Agronomic Crop Insects – August 17, 2012

Joanne Whalen, Extension IPM Specialist;

Alfalfa and Grass Hay Crops
Continue to watch for defoliators in grass hay crops and alfalfa. It is important to catch populations before significant damage has occurred and when larvae are small. In addition to checking labels for rates, be sure to check for all restrictions including but not limited to comments on control under high populations and size of larvae; days to harvest and forage/silage restrictions. Be sure to also scout alfalfa for leafhoppers. Once yellowing has occurred, significant in season damage and long term stand damage has already occurred

Economic levels and hot spots of high levels of corn earworm larvae continue to be found full season and double crop fields in Kent and Sussex counties but they are not present in every field. In general, most larvae are small to medium in size, and occasional large larvae can be found. Since population levels vary from field to field, the only way to know if you have an economic level will be to scout all fields. Remember, corn earworms can feed on the foliage and blossoms as well as the pods. Although there is no threshold for corn earworm feeding on flowers or leaves, data from North Carolina has indicated that feeding on flowers can result in reduced yields by delaying pod set. When looking at foliage feeding by corn earworm, you will need to use defoliation as well as the presence of worms to make a decision (again – there is no worm threshold available for leaf and/or blossom feeding). Once pods are present, the best approach to making a decision on what threshold to use for corn earworm is to access the Corn Earworm Calculator developed at Virginia Tech ( which estimates a threshold based on the actual treatment cost and bushel value you enter. Remember, this threshold calculator was developed only for corn earworm.

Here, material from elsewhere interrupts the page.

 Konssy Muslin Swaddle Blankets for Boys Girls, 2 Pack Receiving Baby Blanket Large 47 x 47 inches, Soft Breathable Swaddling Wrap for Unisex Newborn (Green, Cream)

Be sure to scout for stinkbugs in fields that are in the pod development and pod fill stages. Economic damage is most likely to occur during these stages and a combination of species can be found in fields throughout the state. You will need to sample for both adults and nymphs when making a treatment decision. Available thresholds are based on beans that are in the pod development and fill stages. As a general guideline, current thresholds for native stink bugs are set at 1 large nymph/adult (either brown or green stink bug) per row foot if using a beat sheet, or, 2.5 per 15 sweeps in narrow-row beans, or 3.5 per 15 sweeps in wide-row beans. We do not have a threshold for brown marmorated stink bugs (BMSB).

We continue to find a significant number of defoliators including beet armyworm (BAW), fall armyworm, yellow striped armyworm, green cloverworm and grasshopper in double crop and a few full season fields. All of these insects are defoliators and you will need to use percent defoliation to make a treatment decision. There are no available thresholds for the number of the above insects per sweep. Remember, that in addition to defoliation, grasshoppers can feed on and/ or scar pods. In full season soybeans in the pod fill stage, the threshold is 10-15% defoliation. Remember, double crop soybeans cannot tolerate as much defoliation since they often do not reach the leaf area index needed for maximum yields. As a reminder, the pyrethroids will not provide effective control of beet armyworm so a product labeled for beet armyworm in soybeans will be needed if defoliation is present.

Soybean looper populations are also starting to increase. Identification can be difficult because although there is a “black footed” phase of the soybean looper there is also a “green phase” that can be confused with cabbage loopers. One characteristic that might help is the presence of microspines on soybean loopers that are not present on cabbage loopers; however, you will need high magnification to see the microspines. Soybean loopers are a migratory pest, difficult to control and pyrethroid resistance has been documented in states to our south.